Stewart: We're going to touch on the Israeli conflict, the Israeli war, and we're also going to talk about climate. So, I would ask our readers to buckle their seat belts and just to kick it off, as well known as Israel is in their capabilities for intelligence and military preparedness, it seems that they did not detect this threat. And I'm wondering how that can be and what you can tell us about it.

Juliette: So these aren't that different of topics in the sense that I spend my time thinking about risks and then response. And unfortunately, what we've all been encountering the last week is a lot of both. So I do serve on CNN, but I also am a contributing writer at The Atlantic.
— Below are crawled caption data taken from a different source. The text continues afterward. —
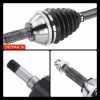 Frankberg 1x Antriebswelle Vorderachse Links für Ford Transit FA FB FC FD FS FZ 2.0L 2000-2006 Bild Frankberg 1x Antriebswelle Vorderachse Links für Ford Transit FA FB FC FD FS FZ 2.0L 2000-2006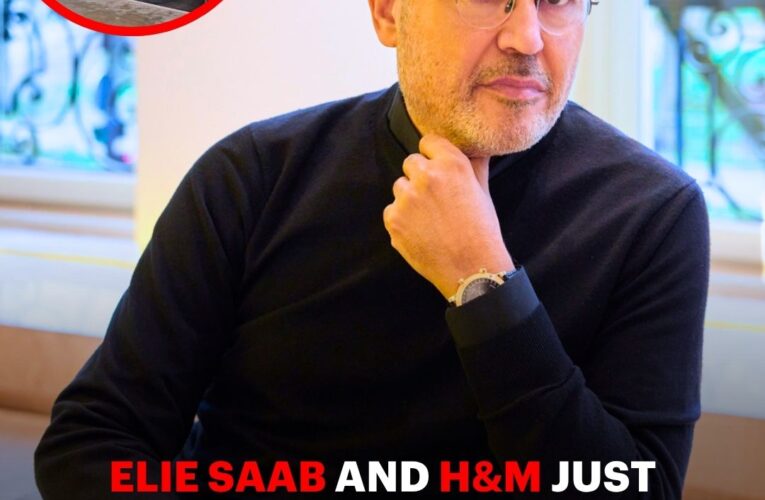 Elie Saab and H&M Just Partnered On A New Collection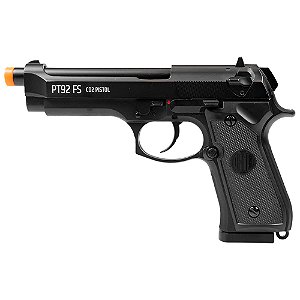 Pistola Pressão Co2 PT92 FS Dual Ammo 4.5mm - Delta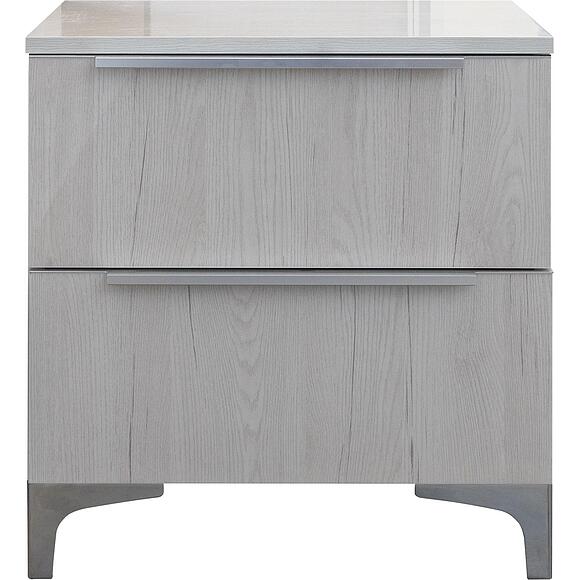 Тумба прикроватная  «Агата» П8.986.1.01, Материал: ЛДСП, Цвет: Дуб Бордо лайт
And so I wake up Saturday morning, last Saturday morning, to a phone call, this sometimes happens at 5:40 in the morning, saying, "Can you get on air by 07:00?" And I don't know what's happened. So I was like, "What's it about?" They go, "Check your phone." So by 07:00, based on my experience I'm able to comment on something, and that experience includes having Israeli leaders come to the Kennedy School doing training, doing lots of writing on preparedness and counterterrorism. That's where I started my career was counterterrorism. Was just the shock of how bad two aspects of the early days, so the first 48 hours were.
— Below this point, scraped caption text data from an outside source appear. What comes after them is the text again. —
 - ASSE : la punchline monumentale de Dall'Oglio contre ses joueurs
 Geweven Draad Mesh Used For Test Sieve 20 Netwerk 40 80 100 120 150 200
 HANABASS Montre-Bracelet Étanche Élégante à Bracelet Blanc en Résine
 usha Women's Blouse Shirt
Obviously as, and we may learn more later, but at least as it appeared that Israel, this was a surprise attack. And it wasn't like one bomb or one person. This is a thousand people coming by land, by sea, by air, overwhelming Israel's defense capabilities in one fell swoop, including their communications capabilities. So, they were blind and deaf during these early days. So that's the first piece. Like, how does that happen? And there's lots of explanations. Did they rely too much on the Iron Dome and thinking that they could do defense only, didn't pay enough attention to Hamas and human intelligence. Was Netanyahu distracted by his coalition and his desire to stay in power? And just to be clear, Israeli discussions are much more nuanced than sometimes we get in the United States. He's in deep political trouble. The last poll I saw, 87% of Israelis blame him. The sense that he basically asked Israelis for more powers and the quid pro quo was, "You're going to keep us safe." And this is clearly an intelligence failure.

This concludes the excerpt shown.